Cependant, après leur première rencontre, la vie les divise et les emmène dans des endroits lointains, chacun avec son lot d'histoires. Après douze ans, ils se retrouvent, il a vingt ans, elle en a trente. Nicla, qui s'est mariée entre-temps, a compris que le garçon avait déjà planté une flèche dans son flanc, dont elle ne se libérerait jamais, et maintenant, bien qu'elle essaie de ne pas trahir son mari, elle est obligée de donner aux assauts de Brunello, et se livrera à lui puis se tuera, se noyant dans un lac.

La vie

Luciano Zuccoli est né en 1868 dans un petit village du canton du Tessin. Il est issu d'une famille noble d'origine allemande. Son vrai nom est en fait Luciano von Ingenheim. Zuccoli est le nom de scène qu'il adoptera plus tard. Après des études classiques, il s'engage dans l'armée et est officier de cavalerie pendant quelques années. Après avoir été démis de ses fonctions, il a commencé à collaborer avec divers journaux de province, avant d'atterrir sur des titres de plus haut rang, comme "Il Corriere della sera", dans les colonnes duquel figurent nombre de ses écrits de fiction. Il se consacra également au théâtre, où il connut cependant un fiasco sensationnel qui le conduisit à abandonner ce genre immédiatement et pour toujours, pour se consacrer à la fiction, dans laquelle, toujours dans la même année 1893, alors qu'il avait vingt-cinq ans , il obtient un succès discret avec I lussuriosi, son premier succès.

Il vit à Milan, fréquente les cercles mondains et littéraires de la ville. Son attitude « tapageuse, autoritaire, buveuse, joueuse et libertine, moqueuse et cynique », comme il se définirait lui-même dans une autobiographie, lui donne des défis et des duels, auxquels il ne cherche jamais à échapper, au contraire, il les provoque presque. à l'aide de sa plume mordante et provocante, de manière à incinérer la victime en service. Grand, très élégant, toujours avec un monocle dans l'œil, il a aussi beaucoup de succès dans le monde féminin.
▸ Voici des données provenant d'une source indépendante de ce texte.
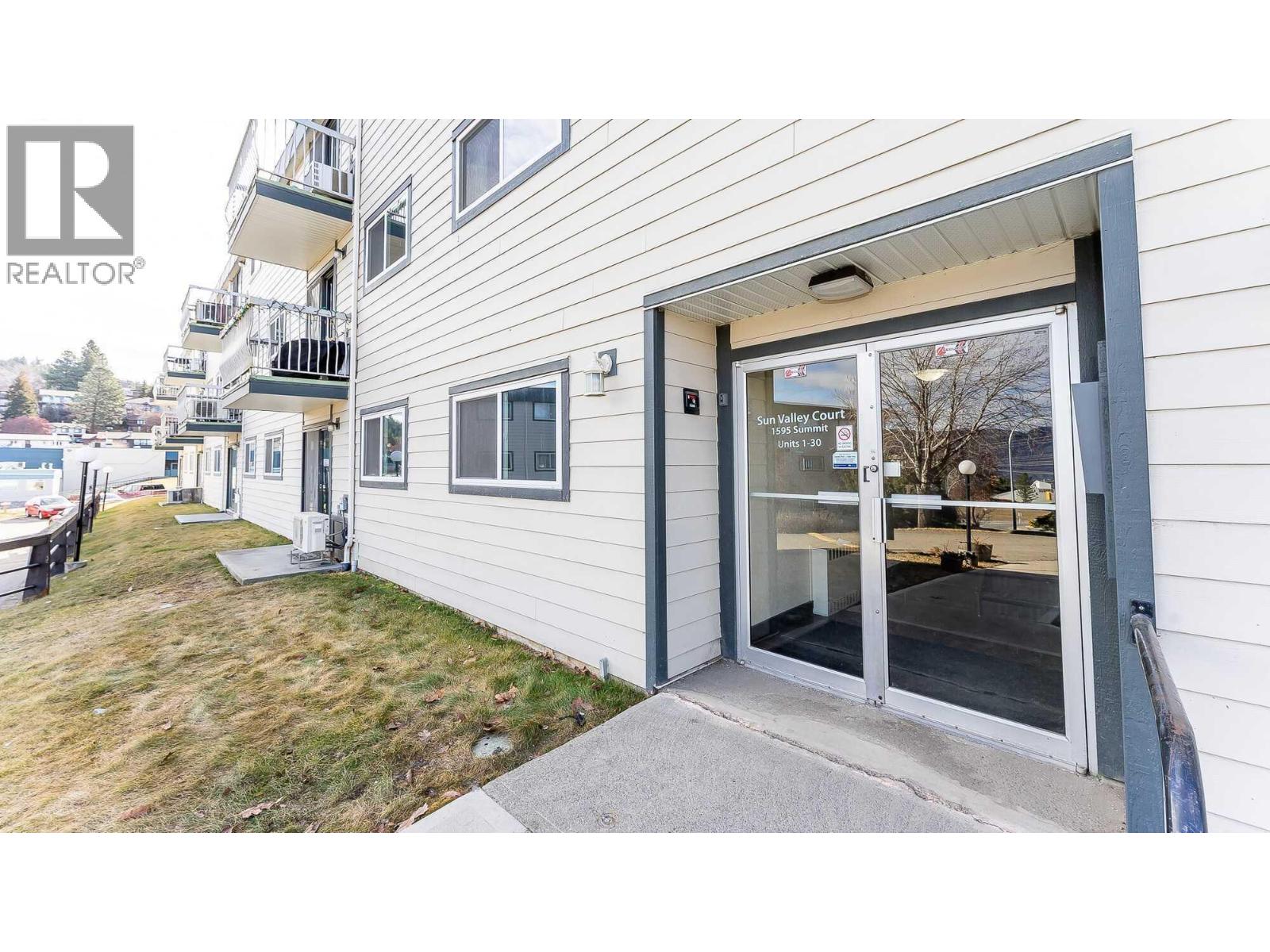 1595 SUMMIT Drive Unit# 18, Kamloops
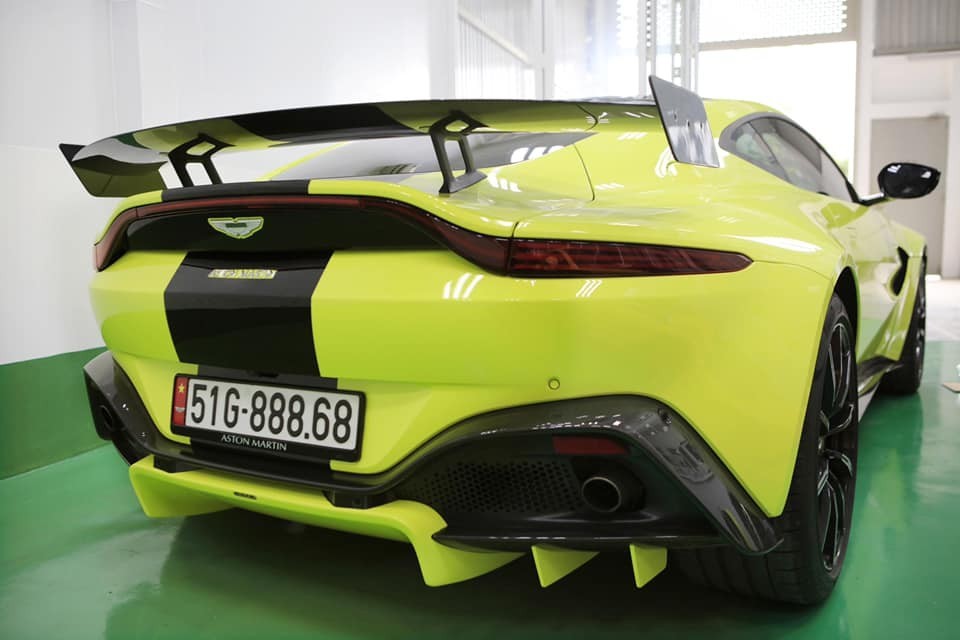 Giá xe Aston Martin Vantage mới nhất tại Việt Nam gần 15 tỷ đồng Giá xe Aston Martin Vantage mới nhất tại Việt Nam gần 15 tỷ đồng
Un voile de racisme et d'antisémitisme

Il professe des idées ultra-conservatrices, approuve la répression du général Bava Beccaris en 1898, se dispute violemment avec les libéraux modérés, définit avec mépris Giolitti et sa politique. Il est incapable de supporter ce que D'Annunzio avait défini comme "le déluge gris démocratique d'aujourd'hui, qui submerge misérablement beaucoup de belles et rares choses...". A l'occasion de la guerre en Libye, il a pris une position tellement radicale, teintée de tonalités fortement antisémites, qu'elles ont conduit les propriétaires à lui retirer la direction de la "Gazzetta di Venezia", ​​qu'il dirigeait depuis environ dix ans. Entre autres choses, il affirme que trop de prisonniers ont été faits et que "... au moins les deux tiers de ces prisonniers auraient dû et auraient pu être abattus".

Un personnage audacieux

Son caractère anguleux lui cause de nombreuses difficultés. La première épouse se suicide, incapable d'affronter et de soutenir un ménage trop conflictuel. L'écrivain s'est remarié peu de temps après avec une fille beaucoup plus jeune que lui, au début de la vingtaine, scion belle et titrée d'une des plus nobles familles milanaises, et s'est installée à Paris, à l'époque le centre de la société européenne. Il semble, aussi, pour des malentendus avec le fascisme. Après seulement deux ans de mariage, cependant, en 1929, l'écrivain meurt à Paris. Il avait 61 ans. A sa mort, sa jeune épouse traverse une crise dépressive très grave, dont elle ne se remettra jamais.

Hospitalisée dans une maison de repos pour pathologies psychiques, elle y aurait malheureusement passé le reste de son existence, dans un vide mental et existentiel absolument infranchissable. Après la Seconde Guerre mondiale, sa fortune décroit rapidement, jusqu'à disparaître presque complètement, malgré quelques rééditions de ses œuvres. En 1975, Giuseppe Patroni Griffi réalise un de ses films, Divine Creature, avec Laura Antonelli, Terence Stamp, Marcello Mastroianni et Michele Placido, d'après son roman de 1920, The Divine Girl, qui remporte un bon succès auprès du public. Mais aujourd'hui seuls les derniers survivants des générations précédentes pouvaient se souvenir de son nom et de son œuvre.